FICHE QUESTION
13ème législature
Question N° : 25042  de  M.   Urvoas Jean-Jacques ( Socialiste, radical, citoyen et divers gauche - Finistère ) QE
Ministère interrogé :  Justice
Ministère attributaire :  Défense
Question publiée au JO le :  17/06/2008  page :  5024
Réponse publiée au JO le :  25/11/2008  page :  10180
Date de changement d'attribution :  05/08/2008
Rubrique :  anciens combattants et victimes de guerre
Tête d'analyse :  déportés
Analyse :  revendications. perspectives
Texte de la QUESTION : M. Jean-Jacques Urvoas attire l'attention de Mme la garde des sceaux, ministre de la justice, sur le combat mené devant les juridictions administratives par de nombreuses victimes de la déportation et leurs familles, afin que soit enfin reconnue la responsabilité de l'État dans les transferts vers les camps de transit et camps de concentration et d'extermination, notamment à partir de Drancy et Pithiviers.

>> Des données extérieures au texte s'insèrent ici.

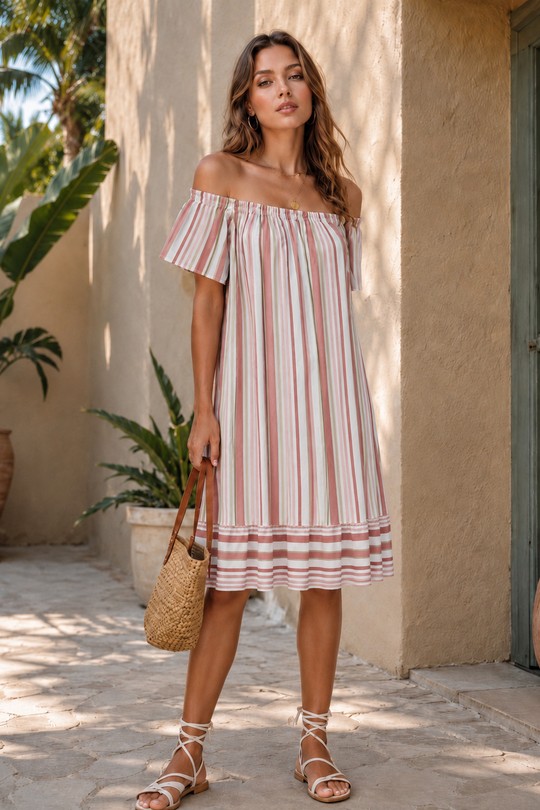 Robes mi-longues Femme Bleu ciel CBELLE TU808 Efashion Paris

M. le Président de la République prétend s'inscrire en la matière dans la droite ligne de son prédécesseur qui, lors son allocution commémorative du 16 juillet 1995, avait admis la complicité des Français et de l'État français dans la folie meurtrière de l'occupant. La responsabilité de l'administration dans la mise en oeuvre de la politique nazie est donc largement admise aujourd'hui par nos dirigeants. Aussi, et alors même que les recours engagés revêtent un caractère principalement symbolique, il est incompréhensible que l'administration ait osé opposer aux demandes de réparation des victimes ou de leur famille, afin d'échapper à toute condamnation financière, l'exception de prescription quadriennale, sans même tenir compte de la question de l'engagement de la responsabilité étatique, qui n'est ni contestée ni contestable. Un tel comportement constitue un déshonneur pour la France et une nouvelle atteinte aux droits des victimes, juives notamment ; et ce, d'autant plus que l'imprescriptibilité des crimes contre l'humanité, tels que la déportation, fait partie intégrante de notre droit. La « dette imprescriptible » que nous avons à leur égard, soulignée par Jacques Chirac en 1995, ne peut dignement être balayée de la sorte. On ne peut à la fois évoquer en public, à l'instar du Président Nicolas Sarkozy lors du dîner annuel du CRIF le 13 février dernier, « les principes, valeurs et vertus dont la violation, par le passé, a fait vivre à notre pays ses pages les plus noires » et, devant la Justice, esquiver par un artifice de procédure la responsabilité historique de l'État. Il lui demande donc si le Gouvernement entend réellement se retrancher derrière cette règle procédurale qui ne peut, en l'espèce, être légitimement invoquée, ou si, au contraire, sa position est susceptible d'évoluer sur cette question particulièrement sensible.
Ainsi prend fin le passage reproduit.